As the result of a sound consumer environment, retail sales and sales of services reached a total of Ps. 79,242 million, for a 13.1% increase of total stores, while same-store sales increased by 9.8%, both in comparison with the prior year.
Income from the Liverpool credit cards grew by 7.0% in a complicated financial environment, while the portfolio increased by 7.1%. At the year end, accounts overdue by more than 90 days represented 3.7% of the total portfolio.
Income from real estate operations increased by 11.6% in comparison with the prior year, reaching the amount of Ps. 3,021 million. At the year end, occupancy was 97%, including the consolidation of the shopping malls in Puebla Serdán and Toluca, both of which opened in the last months of 2014.
As a result of the start-up of operations of new stores, as well as of the remodeling of existing stores and of investments in various systems (including those necessary to the omnichannel strategic initiative), operating expenses reflected a growth of 11.8% during the year.

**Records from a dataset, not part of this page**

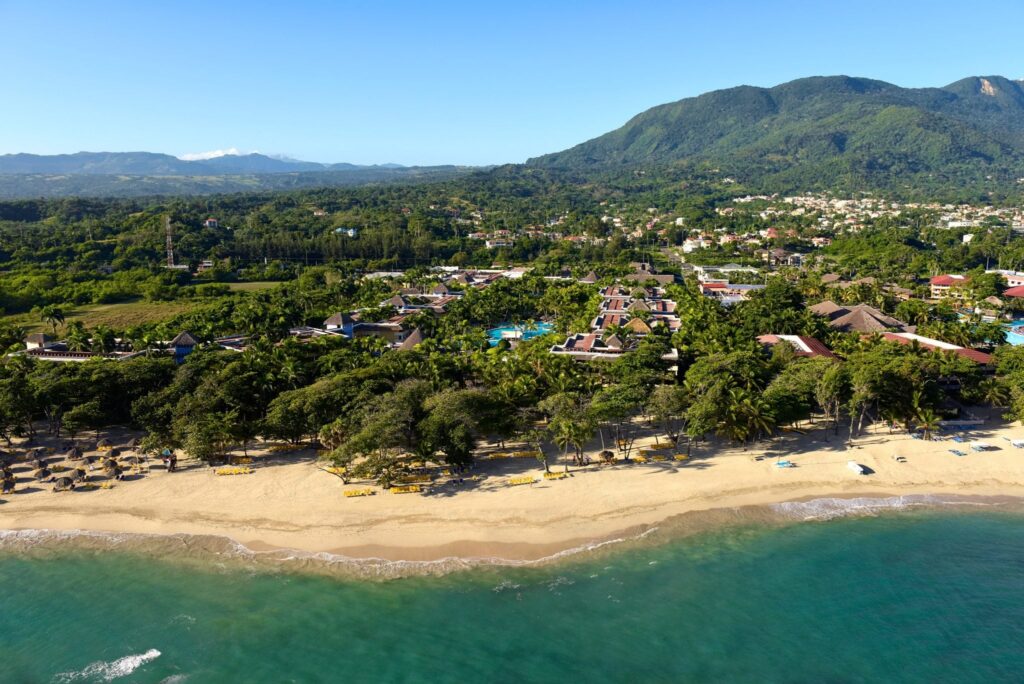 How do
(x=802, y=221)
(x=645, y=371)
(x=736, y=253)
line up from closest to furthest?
1. (x=645, y=371)
2. (x=736, y=253)
3. (x=802, y=221)

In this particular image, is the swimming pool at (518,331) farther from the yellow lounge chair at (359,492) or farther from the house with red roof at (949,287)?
the house with red roof at (949,287)

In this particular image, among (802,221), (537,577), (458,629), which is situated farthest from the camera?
(802,221)

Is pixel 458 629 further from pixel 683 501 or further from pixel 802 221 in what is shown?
pixel 802 221

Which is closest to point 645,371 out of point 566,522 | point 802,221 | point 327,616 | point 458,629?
point 566,522

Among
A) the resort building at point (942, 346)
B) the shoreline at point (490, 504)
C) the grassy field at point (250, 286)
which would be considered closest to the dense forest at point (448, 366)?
the resort building at point (942, 346)

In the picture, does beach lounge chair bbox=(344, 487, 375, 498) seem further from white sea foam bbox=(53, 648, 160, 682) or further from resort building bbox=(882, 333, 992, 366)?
resort building bbox=(882, 333, 992, 366)

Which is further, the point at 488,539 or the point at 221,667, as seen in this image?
the point at 488,539

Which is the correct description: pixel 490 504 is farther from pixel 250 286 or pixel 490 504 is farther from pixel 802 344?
pixel 250 286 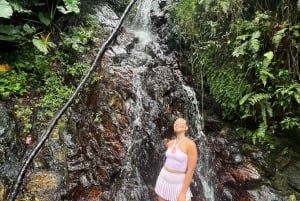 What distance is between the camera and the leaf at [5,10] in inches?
233

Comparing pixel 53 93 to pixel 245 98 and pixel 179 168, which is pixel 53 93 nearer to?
pixel 179 168

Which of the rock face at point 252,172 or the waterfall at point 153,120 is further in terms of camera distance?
the waterfall at point 153,120

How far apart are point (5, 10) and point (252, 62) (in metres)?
4.52

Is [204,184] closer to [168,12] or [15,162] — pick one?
[15,162]

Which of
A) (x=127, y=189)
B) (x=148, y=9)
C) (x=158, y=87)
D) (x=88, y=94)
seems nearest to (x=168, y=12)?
(x=148, y=9)

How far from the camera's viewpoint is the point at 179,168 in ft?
14.2

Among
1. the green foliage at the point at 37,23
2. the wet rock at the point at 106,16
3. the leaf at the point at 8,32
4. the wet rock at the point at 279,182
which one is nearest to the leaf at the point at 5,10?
the green foliage at the point at 37,23

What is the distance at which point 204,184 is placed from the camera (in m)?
6.43

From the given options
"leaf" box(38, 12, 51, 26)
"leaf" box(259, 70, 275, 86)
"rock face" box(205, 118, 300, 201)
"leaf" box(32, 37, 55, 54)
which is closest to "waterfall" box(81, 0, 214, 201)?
"rock face" box(205, 118, 300, 201)

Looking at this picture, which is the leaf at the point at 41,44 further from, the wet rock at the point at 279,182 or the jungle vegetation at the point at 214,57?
the wet rock at the point at 279,182

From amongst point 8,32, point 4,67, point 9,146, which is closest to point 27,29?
point 8,32

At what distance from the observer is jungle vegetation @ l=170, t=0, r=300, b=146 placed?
6332 millimetres

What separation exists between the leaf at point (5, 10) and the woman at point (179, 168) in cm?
359

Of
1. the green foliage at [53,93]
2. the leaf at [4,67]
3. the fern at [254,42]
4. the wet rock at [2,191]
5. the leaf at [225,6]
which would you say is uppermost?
the leaf at [225,6]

Operating income before interest, taxes, depreciation and amortization (EBITDA) recorded a growth of 14.2% in comparison with 2014, reaching Ps. 14,870 million. Financing expenses were affected during the year by the volatility of the peso/dollar exchange rate, which amounted to Ps. 168 million, or 98.1% higher than the prior year.
Taxes on profits amounted to Ps. 3,263 million, which is 16.7% higher than the prior year. The amount of Ps. 5,365 million, including fees to the IMSS (Mexican Social Security Institute), payroll taxes, employee profit sharing and value added tax was also paid.